Materials and methods

Chemicals and materials

All chemicals were used without further purification. Y₂O₃ (99.999%) was purchased from Alfa Aesar; Tm₂O₃ (99.999%) from Heraeus; Yb₂O₃ (99.99%), Y₂O₃ (99.99%), Al(NO₃)₃.9H₂O (≥98%), urea (BioReagent), and nitric acid (HNO₃; puriss. p.a., ≥65%) from Sigma-Aldrich; and boric acid (H₃BO₃; ≥99.5%) from Merck.

Synthesis of β-NaYF₄:Tm³⁺,Yb³⁺ microcrystalline phosphors

β-NaYF₄:0.3%Tm³⁺,x%Yb³⁺ powder samples were synthesized following the approach developed by Krämer et al.⁴.

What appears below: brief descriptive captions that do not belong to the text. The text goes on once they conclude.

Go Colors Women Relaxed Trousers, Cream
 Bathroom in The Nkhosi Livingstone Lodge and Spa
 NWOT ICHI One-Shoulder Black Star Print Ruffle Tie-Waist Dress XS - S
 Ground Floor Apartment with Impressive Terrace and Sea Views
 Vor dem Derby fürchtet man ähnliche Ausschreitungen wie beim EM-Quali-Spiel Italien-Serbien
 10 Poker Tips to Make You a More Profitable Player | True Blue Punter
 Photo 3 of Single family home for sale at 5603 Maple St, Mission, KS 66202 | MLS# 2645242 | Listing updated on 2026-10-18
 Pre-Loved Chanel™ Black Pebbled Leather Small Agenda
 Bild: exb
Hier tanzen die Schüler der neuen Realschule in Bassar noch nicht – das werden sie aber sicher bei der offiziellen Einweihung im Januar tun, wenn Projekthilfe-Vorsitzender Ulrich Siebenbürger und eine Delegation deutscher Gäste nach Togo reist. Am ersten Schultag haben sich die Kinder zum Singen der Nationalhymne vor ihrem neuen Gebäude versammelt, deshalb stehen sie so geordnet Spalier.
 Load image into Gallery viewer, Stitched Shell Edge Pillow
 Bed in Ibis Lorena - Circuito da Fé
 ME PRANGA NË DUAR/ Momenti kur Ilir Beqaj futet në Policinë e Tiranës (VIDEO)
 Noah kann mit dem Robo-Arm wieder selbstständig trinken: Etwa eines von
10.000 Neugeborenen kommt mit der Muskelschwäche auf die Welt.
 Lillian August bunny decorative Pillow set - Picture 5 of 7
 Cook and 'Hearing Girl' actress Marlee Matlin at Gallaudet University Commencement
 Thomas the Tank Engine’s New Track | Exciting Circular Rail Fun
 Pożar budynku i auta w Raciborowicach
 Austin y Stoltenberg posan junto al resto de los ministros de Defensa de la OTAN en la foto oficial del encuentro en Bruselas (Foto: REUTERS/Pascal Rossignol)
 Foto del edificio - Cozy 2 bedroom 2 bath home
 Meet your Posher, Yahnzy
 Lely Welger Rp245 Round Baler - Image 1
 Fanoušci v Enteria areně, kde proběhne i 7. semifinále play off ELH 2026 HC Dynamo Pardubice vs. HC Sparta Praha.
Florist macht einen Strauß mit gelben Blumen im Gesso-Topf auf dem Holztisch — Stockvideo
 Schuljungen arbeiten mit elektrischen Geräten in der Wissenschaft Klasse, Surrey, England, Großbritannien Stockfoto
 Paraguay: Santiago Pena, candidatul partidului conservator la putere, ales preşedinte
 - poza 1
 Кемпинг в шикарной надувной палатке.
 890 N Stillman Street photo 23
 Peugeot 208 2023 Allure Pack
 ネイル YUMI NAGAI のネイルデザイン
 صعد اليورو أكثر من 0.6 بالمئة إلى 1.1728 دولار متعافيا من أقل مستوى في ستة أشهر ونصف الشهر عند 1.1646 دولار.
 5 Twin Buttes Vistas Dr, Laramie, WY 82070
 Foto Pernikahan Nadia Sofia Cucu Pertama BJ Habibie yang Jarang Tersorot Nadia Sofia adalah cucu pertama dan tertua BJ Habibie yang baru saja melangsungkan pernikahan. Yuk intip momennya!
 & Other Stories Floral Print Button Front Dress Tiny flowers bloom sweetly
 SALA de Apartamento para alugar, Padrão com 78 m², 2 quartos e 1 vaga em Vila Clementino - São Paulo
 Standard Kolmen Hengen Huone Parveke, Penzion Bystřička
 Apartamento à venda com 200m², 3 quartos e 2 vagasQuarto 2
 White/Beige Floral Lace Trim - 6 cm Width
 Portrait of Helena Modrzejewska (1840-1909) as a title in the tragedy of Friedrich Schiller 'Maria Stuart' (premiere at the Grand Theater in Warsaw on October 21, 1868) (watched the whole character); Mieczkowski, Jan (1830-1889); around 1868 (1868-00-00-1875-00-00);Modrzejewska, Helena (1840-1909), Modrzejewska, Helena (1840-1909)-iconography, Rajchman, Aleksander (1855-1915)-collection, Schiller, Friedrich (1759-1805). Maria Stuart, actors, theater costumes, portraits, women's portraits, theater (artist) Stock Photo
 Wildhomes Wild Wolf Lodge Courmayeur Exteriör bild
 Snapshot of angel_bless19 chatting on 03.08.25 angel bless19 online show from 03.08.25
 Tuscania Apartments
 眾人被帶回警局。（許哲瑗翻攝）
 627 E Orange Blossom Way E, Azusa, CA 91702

Combustion synthesis of Y₂O₃-, YAG-, and YBO₃-based polycrystalline phosphors

A urea–nitrate solution combustion process was used for the synthesis of a series of polycrystalline powder phosphors of Y₂O₃, YAG, and YBO₃ codoped with Tm³⁺ and Yb³⁺. Y₂O₃, Tm₂O₃, and Yb₂O₃ were used as lanthanide (Ln) sources, Al(NO₃)₃.9H₂O as the Al source for YAG, H₃BO₃ as the B source for YBO₃, and urea as the organic fuel for the combustion reaction. Stoichiometric amounts of Y₂O₃, Tm₂O₃, and Yb₂O₃ were dissolved in nitric acid to obtain aqueous solutions of mixed Ln(NO₃)₃. For the synthesis of Y₂O₃:Tm³⁺,Yb³⁺, solid urea (molar ratio urea/Ln = 2:1) was added to the Ln(NO₃)₃ solution. For YAG:Tm³⁺,Yb³⁺, an Al(NO₃)₃ solution (molar ratio Al/Ln = 5:3) and urea (molar ratio urea/Ln = 5:1) were added to the Ln(NO₃)₃ solution. For YBO₃:Tm³⁺,Yb³⁺, solid urea (molar ratio urea/Ln = 3:1) and H₃BO₃ (5% molar excess) were added to the Ln(NO₃)₃ solution. After vigorous stirring for 20 min at approximately 70 °C, the resulting homogeneous precursor solution was placed in a preheated furnace at 500 °C in air to initiate the combustion reaction. Amorphous solid precursors formed from the solutions within a few minutes. Finally, annealing in ambient atmosphere at 1000 °C for 4 h, 1500 °C for 10 h, and 900 °C for 4 h produced crystalline Tm³⁺/Yb³⁺-codoped Y₂O₃, YAG, and YBO₃, respectively.

Characterization

Phase identification of all the prepared products was performed on a Philips PW1700 X-ray powder diffractometer using Cu K-α (λ = 1.5418 Å) radiation. XRD patterns were collected over a 2θ range from 10° to 80° at an interval of 0.02°. The morphology of the samples was checked using high-resolution scanning electron microscopy (Phenom ProX Desktop SEM, 10 keV) and a thin layer of sample powder on conducting carbon tape. Steady-state emission and excitation spectra were recorded using an Edinburgh Instruments FLS920 spectrophotometer equipped with different excitation sources, including a 450 W xenon lamp and an optical parametric oscillator laser (OPO; Opolette HE 355II; 20 Hz; pulse width ~7 ns), TMS300 monochromators, a thermoelectrically cooled R928 photomultiplier tube (PMT) for visible wavelengths, and a liquid-nitrogen-cooled R5509-72 PMT for near-infrared wavelengths. Photoluminescence decay curves were measured using multichannel scaling on the Edinburgh Instruments FLS920 spectrophotometer under pulsed OPO laser excitation.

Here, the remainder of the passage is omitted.